Most Black students who could be tapped as academically gifted attend schools where they are either likely to be overlooked or have no access to getting identified at all, a study in the journal Urban Education finds.
In 2016 alone, while nearly 277,000 Black students were identified as academically gifted nationally, some 771,000 others were estimated to be “missing.” That’s after taking into account both the students who had no access to gifted identification and those who attended schools where students of their race were underidentified.
“It’s stark and it’s frightening,” said Marcia Gentry, a professor of education studies and the director of the Gifted Education Resource Institute at Purdue University, who led the research team. “I’m frustrated with the whole sense that [gifted education] will fix itself if we just find the right [screening] test.
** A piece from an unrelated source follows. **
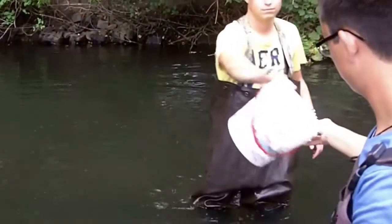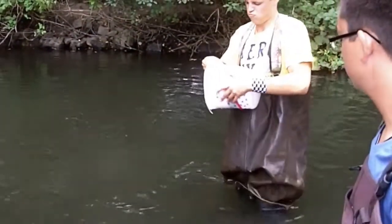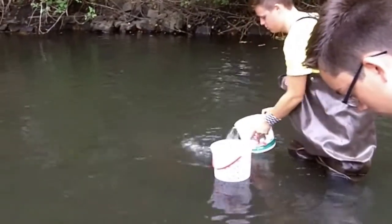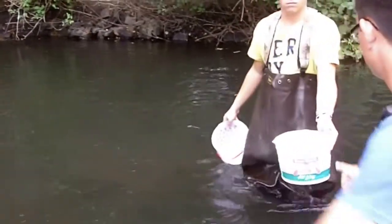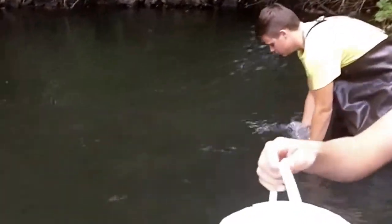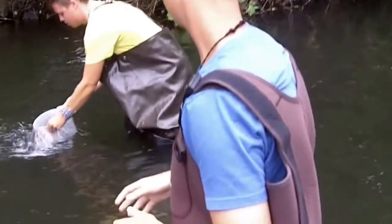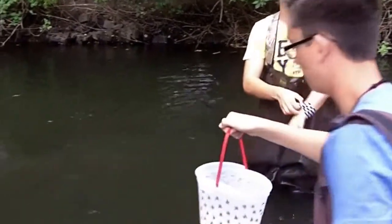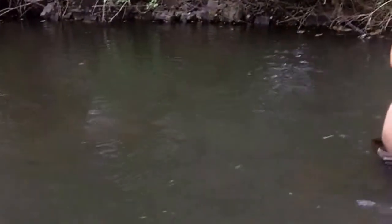You don't want water that's too deep either, because then we might be getting sediment from the bottom. So midstream, mid-depth — keeping your feet still. Just like that.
It’s bigger than that, and it’s been consistent for decades.”
The researchers used federal civil rights data for all U.S. public schools in 2000, 2011-12, 2013-14, and 2015-16 to track the numbers and percentages of students in different racial groups identified for gifted and talented education in rural, town, suburban, and city schools of different poverty levels. They found that more than 40 percent of schools across all locations—and far more than half in several states—never identified a single student of any race as academically advanced in any of the years.
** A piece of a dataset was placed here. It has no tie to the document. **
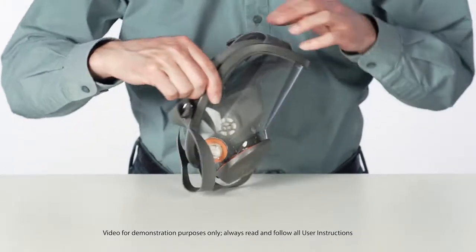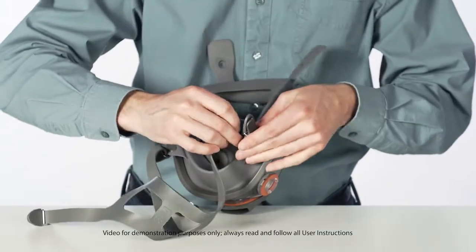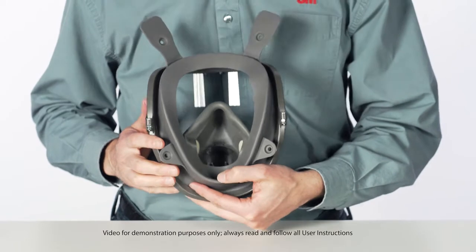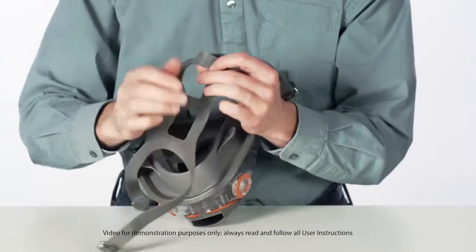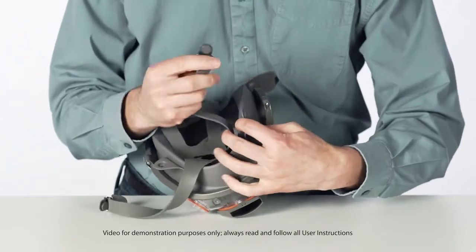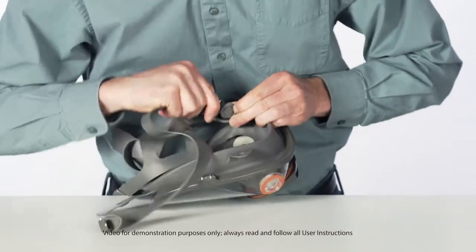Remove the existing harness assembly by pulling the buckle attachment buttons out of the holes in the face seal tabs. Position the new head harness with short straps toward the top and 3M and 6897 markings facing away from the respirator. Attach the new harness assembly by pressing the attachment buttons into the face seal tab holes and then twisting to ensure the buttons are fully seated.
Within the remaining schools that at least provided some access to gifted identification, the researchers found that the higher the concentration of Black students or students in poverty, the lower the actual percentage of overall students identified for gifted education. For example, campuses receiving schoolwide Title I funding identified on average 8 percent of their students as gifted, compared to 13 percent in non-Title I schools.
“We didn’t have a lot of bright spots, which was a little depressing,” she said.
Gentry also found similar, though smaller, disparities in gifted identification for other groups, such as Native American and Hispanic students, in separate prior studies.
A school was considered to have “equitable” gifted identification if a Black student was at least 80 percent as likely as a student of another race to be eligible; this is the same 0.8 equity ratio the federal Equal Employment Opportunity Commission uses to identify racial disparities in the workplace. So, if Black students made up 40 percent of a school’s population but 20 percent of its students identified as gifted, the school’s equity ratio would be 0.5, meaning Black students were underrepresented by half.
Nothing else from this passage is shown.